Required action: An exact reprint of the listing is required, with no pictures included.

Information provided:
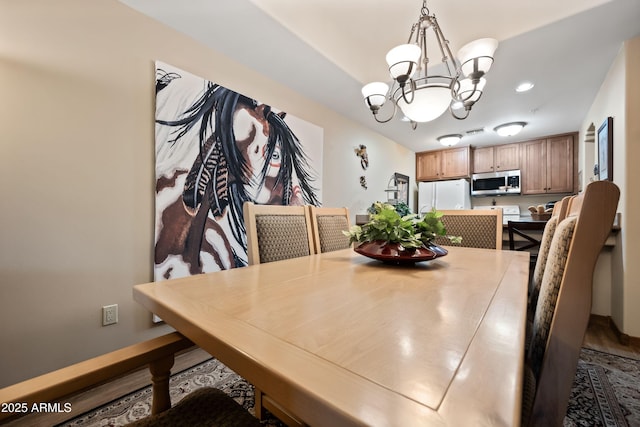 dining room with visible vents and a notable chandelier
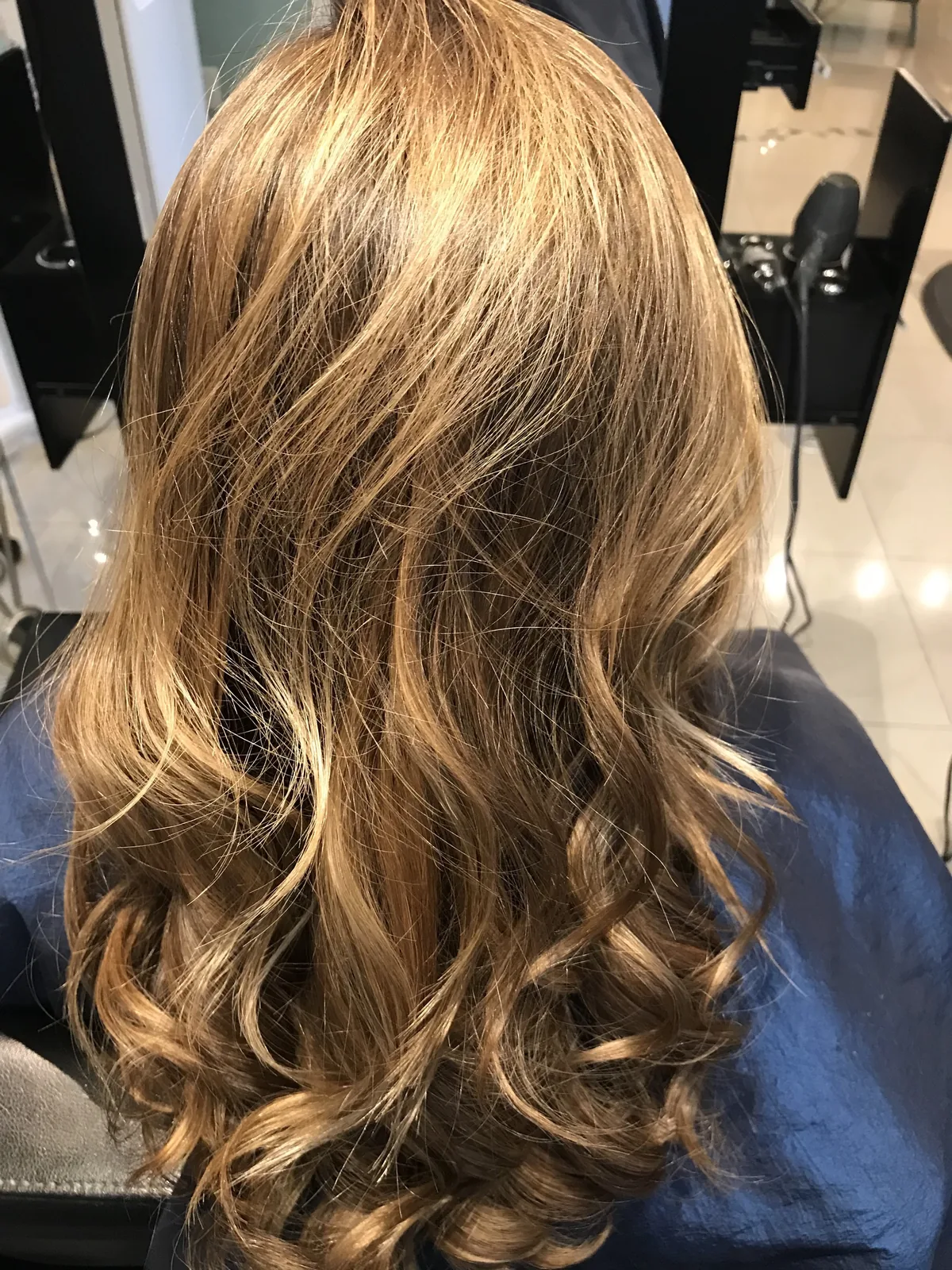 Deva cut with golden-blonde balayage on long waves, back view by Richie at Damron & Company Salon in Austin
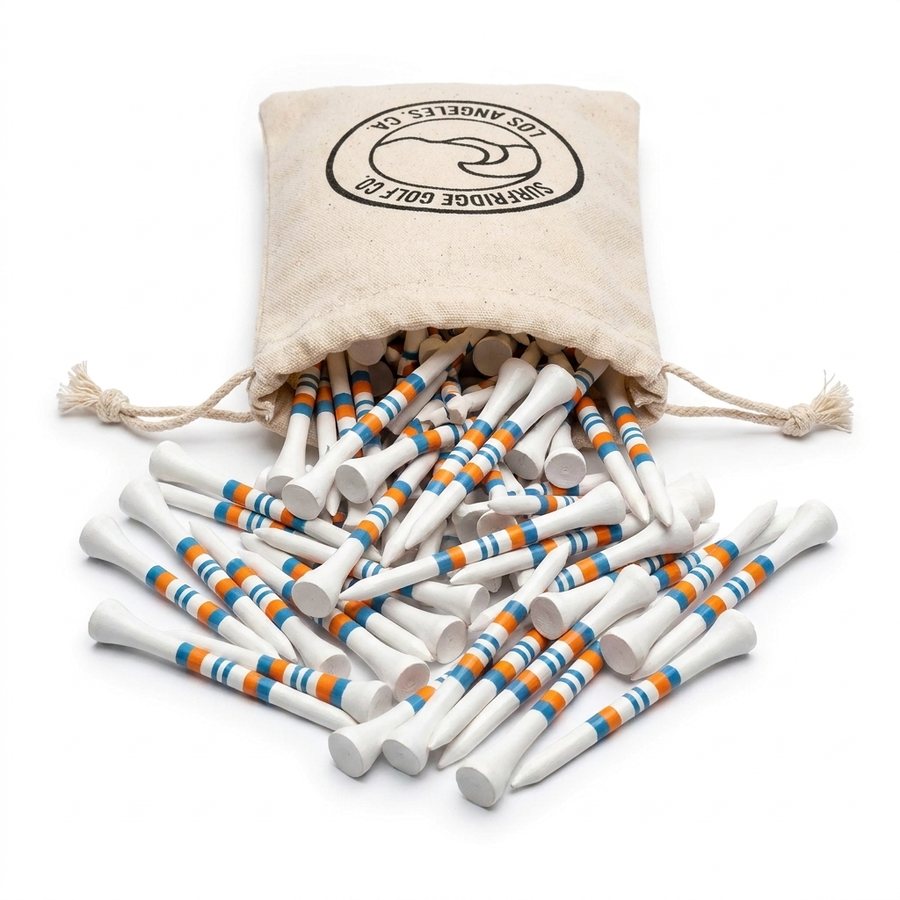 White bamboo golf tees with orange and blue stripes spilling from a Surfridge Golf Co. canvas drawstring bag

Answer section:
 dining room with visible vents and a notable chandelier
 Deva cut with golden-blonde balayage on long waves, back view by Richie at Damron & Company Salon in Austin
 White bamboo golf tees with orange and blue stripes spilling from a Surfridge Golf Co. canvas drawstring bag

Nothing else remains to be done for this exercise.